DATA SUPPLIED →

Start of Block

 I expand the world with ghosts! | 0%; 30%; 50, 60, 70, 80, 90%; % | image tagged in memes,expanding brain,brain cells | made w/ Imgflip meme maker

End of Block
Start of Block

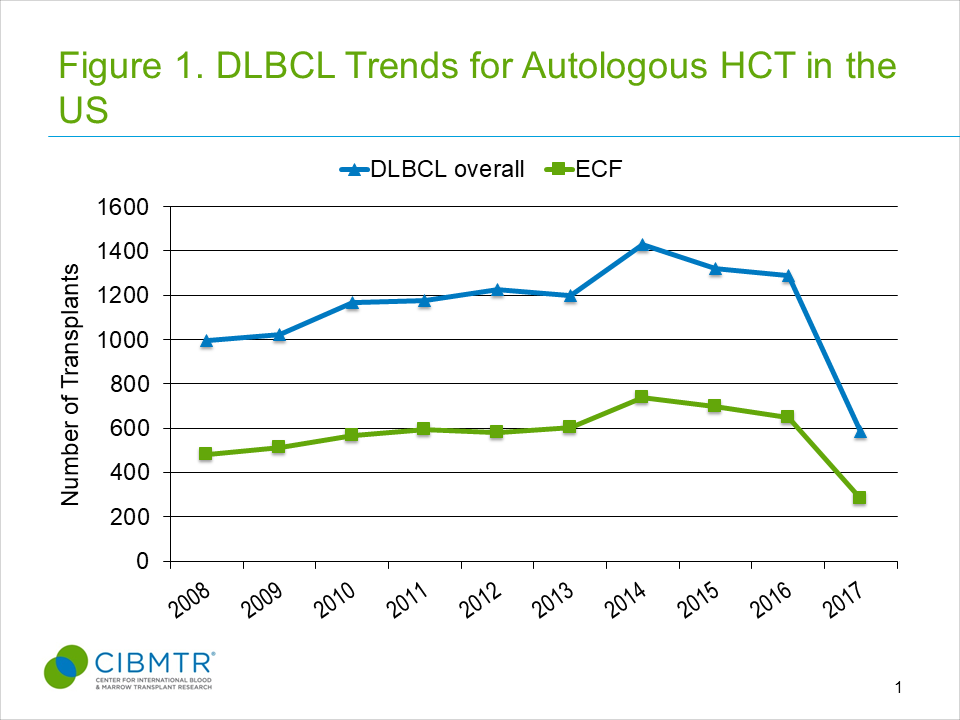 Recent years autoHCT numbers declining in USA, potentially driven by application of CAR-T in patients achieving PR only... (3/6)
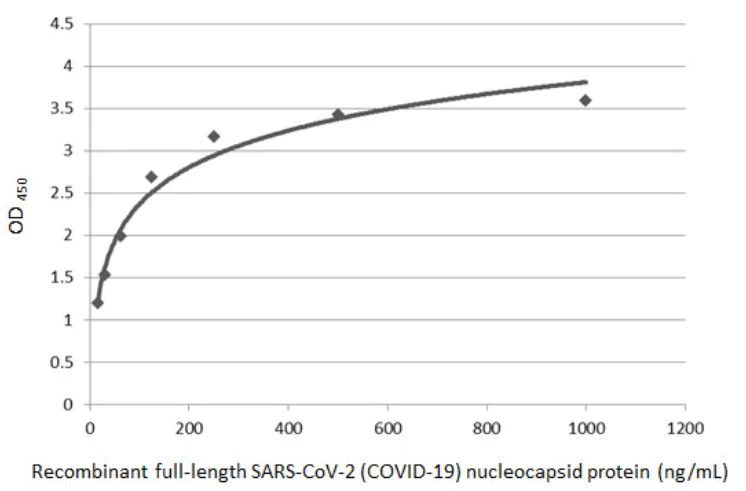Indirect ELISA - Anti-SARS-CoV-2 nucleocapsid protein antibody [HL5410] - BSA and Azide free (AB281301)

End of Block
Start of Block

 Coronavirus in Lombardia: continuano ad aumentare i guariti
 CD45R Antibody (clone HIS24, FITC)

End of Block

WHAT THE TASK ASKS →
Beginning at the line that has "Recent years autoHCT" and ending at the line that has "Indirect ELISA - Anti-SARS-CoV-2", restate the listing above word for word, pictures left out.

RESULT →
 Recent years autoHCT numbers declining in USA, potentially driven by application of CAR-T in patients achieving PR only... (3/6)
Indirect ELISA - Anti-SARS-CoV-2 nucleocapsid protein antibody [HL5410] - BSA and Azide free (AB281301)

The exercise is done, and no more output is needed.